Het “Lam, staande als geslacht” is tenslotte de sleutel tot de Joodse geschiedenis, die ontsluit wat onverklaarbaar was en die haar droefheid omzet in heerlijkheid. Want het doel van God werd door de struikeling van het Joodse volk niet tenietgedaan, maar er juist door vervuld. Ook ging Zijn liefde voor hen niet verloren, maar bleek door de jaren heen onvergankelijk te zijn. Aan het einde zullen geheel Israël en ook wij verlost zijn, om niet meer te zondigen. En de aarde zal worden vervuld met de kennis en de heerlijkheid van de Heere, zoals de wateren de bodem van de zee bedekken.

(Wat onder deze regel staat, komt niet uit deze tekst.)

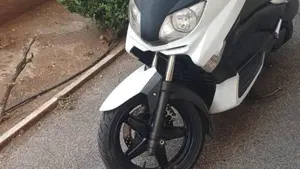 Yamaha X-Max 250 (2010 - 13)  (3)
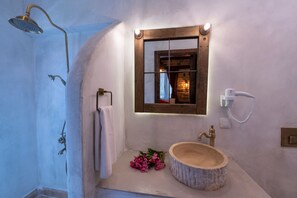 Camera Standard | Bagno | Asciugacapelli, asciugamani, sapone, shampoo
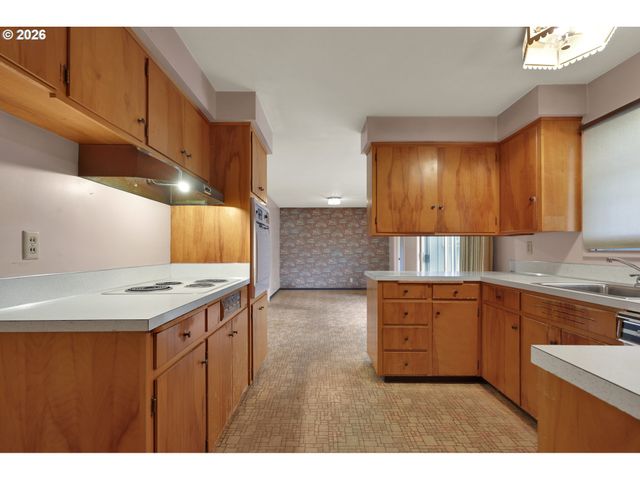 526 ARCHIE St, Eugene, OR 97402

Van de rechterhand van God zal de Messias Jezus, het lam van God en de leeuw van Juda, voor eeuwig regeren. De Koning van de Joden is dan de allergrootste Koning en Heer geworden. “En aan de grootheid van deze heerschappij en aan Zijn vrede zal geen einde komen, op de troon van David en in Zijn koninkrijk, omdat Hij het sticht en ondersteunt door recht en gerechtigheid, van nu aan tot in eeuwigheid.” - Jesaja 9:6

Bron: Israël is uniek, Lance Lambert, uitg. Chai Pers (1990)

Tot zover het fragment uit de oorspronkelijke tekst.